The Pentagon has called China's missile launch in the disputed South China Sea as "disturbing" and contrary to Chinese President Xi Jinping's pledge that he would not militarize the contested waterway.
In a notice to mariners released on Saturday, China said it would be conducting military exercises till Wednesday in a large area of the South China Sea, north of the Spratly Islands. The missile test was part of those exercises, the US media reported.
Taiwan, the Philippines, Brunei, Malaysia and Vietnam all make claims to parts of the sea. China, however, claims a huge area known as the "nine-dash line" and has been building military installations on artificial islands there.
Ahead of the exercise, Beijing warned other ships not to enter a designated area between the Spratly and Paracel Islands for five days, according to the BBC.

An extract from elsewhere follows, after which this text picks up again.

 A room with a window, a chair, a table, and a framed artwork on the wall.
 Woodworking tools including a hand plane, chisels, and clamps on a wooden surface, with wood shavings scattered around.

Washington "was aware of the Chinese missile launch from the man-made structures in the South China Sea near the Spratly Islands," said Pentagon spokesman Lt. Col. Dave Eastburn on Tuesday.
"What's truly disturbing about this act is that it's in direct contradiction to President Xi's statement ... that he would not militarize those man-made outposts.
"I'm not going to speak on behalf of all the sovereign nations in the region, but I'm sure they agree that (China's) behaviour is contrary to its claim to want to bring peace to the region and obviously actions like this are coercive acts meant to intimidate other (South China Sea) claimants," Eastburn added.
The sea, home to vital shipping lanes, has in recent years become a flashpoint for tensions between China and other regional nations which have overlapping claims over islands and reefs.
China accuses the US Navy of provocation and interference in regional matters.
The US has long been critical of what it says is China's "militarization of the region" and routinely angers Beijing with "freedom of navigation" missions.